The records =>
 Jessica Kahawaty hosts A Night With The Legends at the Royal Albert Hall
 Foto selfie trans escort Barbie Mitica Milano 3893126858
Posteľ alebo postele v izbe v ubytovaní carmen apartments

...

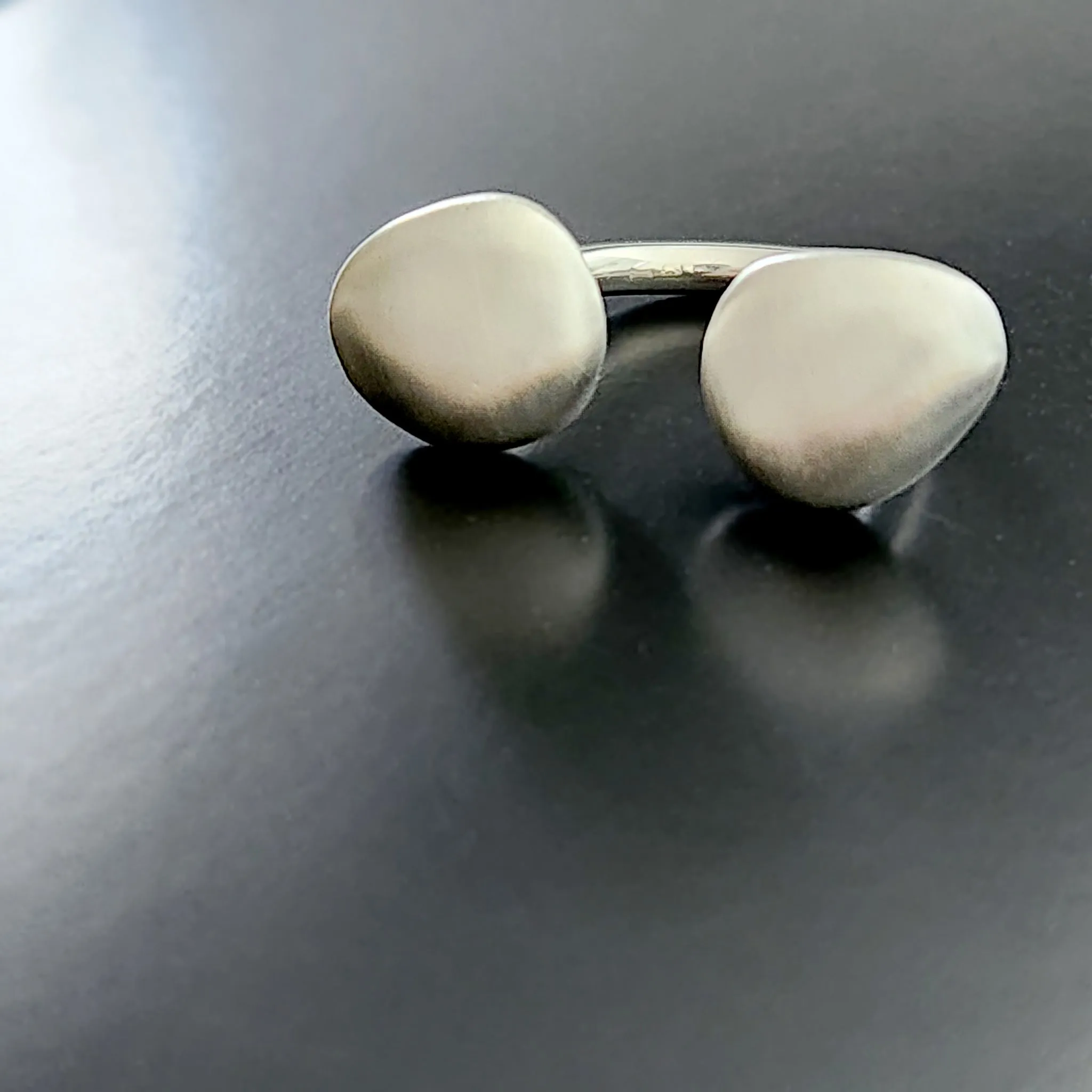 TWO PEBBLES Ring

Description of the task =>
Look above for the line containing "Jessica Kahawaty hosts" and the line containing "Posteľ alebo postele". Transcribe both, with the lines between them, exactly.

Solved exercise =>
 Jessica Kahawaty hosts A Night With The Legends at the Royal Albert Hall
 Foto selfie trans escort Barbie Mitica Milano 3893126858
Posteľ alebo postele v izbe v ubytovaní carmen apartments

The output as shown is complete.